■ What you need to do ■
Pictures do not belong in the copy. Return all of the entries exactly.

■ Provided entries ■
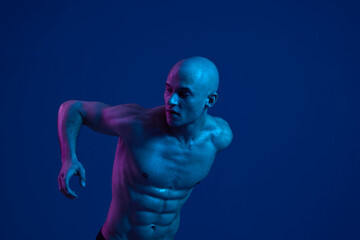 Focused man in motion, showcasing athleticism and strength, with vibrant blue lighting creating a...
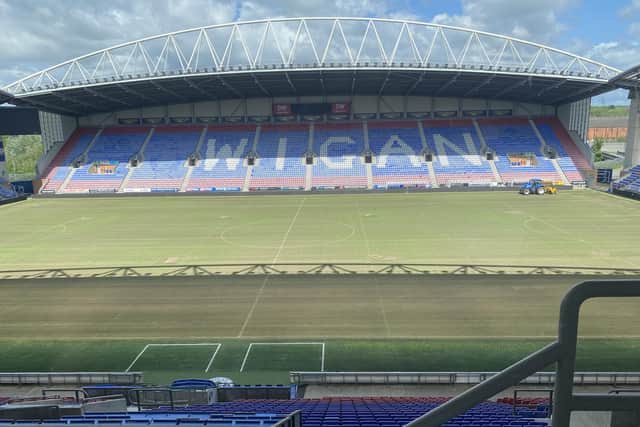 The pitch maintenance is already under way at Wigan Athletic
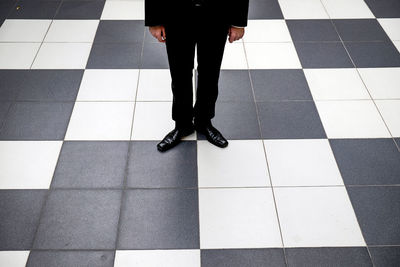 Low section of woman standing on tiled floor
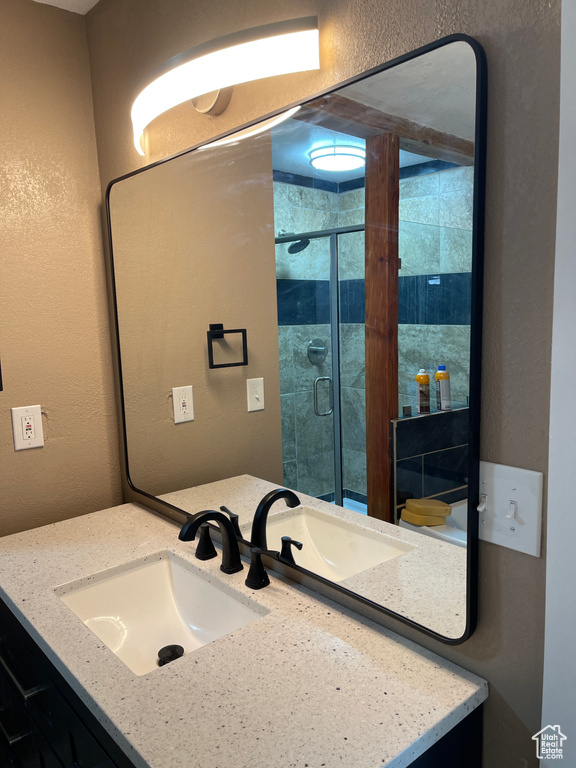 Full bath featuring vanity, a stall shower, and a textured wall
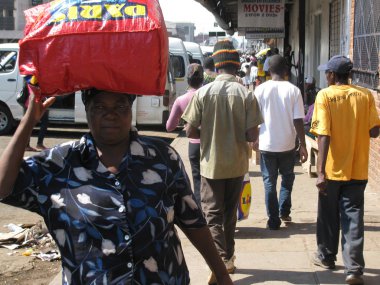 Harare, Zimbabwe, 7october 2015.A sttreet sahne bir kadın yakaladığında bavulunu onun baş bwhilst bir cadde boyunca yürüyüş üzerinde gösterilen.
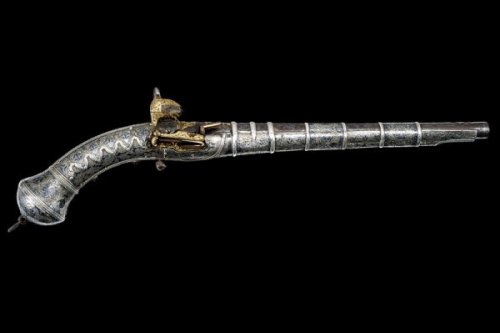 A finely engraved gold and silver decorated Cossack&rsquo;s pistol, early 19th century.Estimated Val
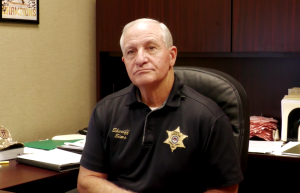 Forrest County Sheriff Charles Sims sitting in his office speaking with RHCJC News.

■ Response to the exercise ■
 Focused man in motion, showcasing athleticism and strength, with vibrant blue lighting creating a...
 The pitch maintenance is already under way at Wigan Athletic
 Low section of woman standing on tiled floor
 Full bath featuring vanity, a stall shower, and a textured wall
 Harare, Zimbabwe, 7october 2015.A sttreet sahne bir kadın yakaladığında bavulunu onun baş bwhilst bir cadde boyunca yürüyüş üzerinde gösterilen.
 A finely engraved gold and silver decorated Cossack&rsquo;s pistol, early 19th century.Estimated Val
 Forrest County Sheriff Charles Sims sitting in his office speaking with RHCJC News.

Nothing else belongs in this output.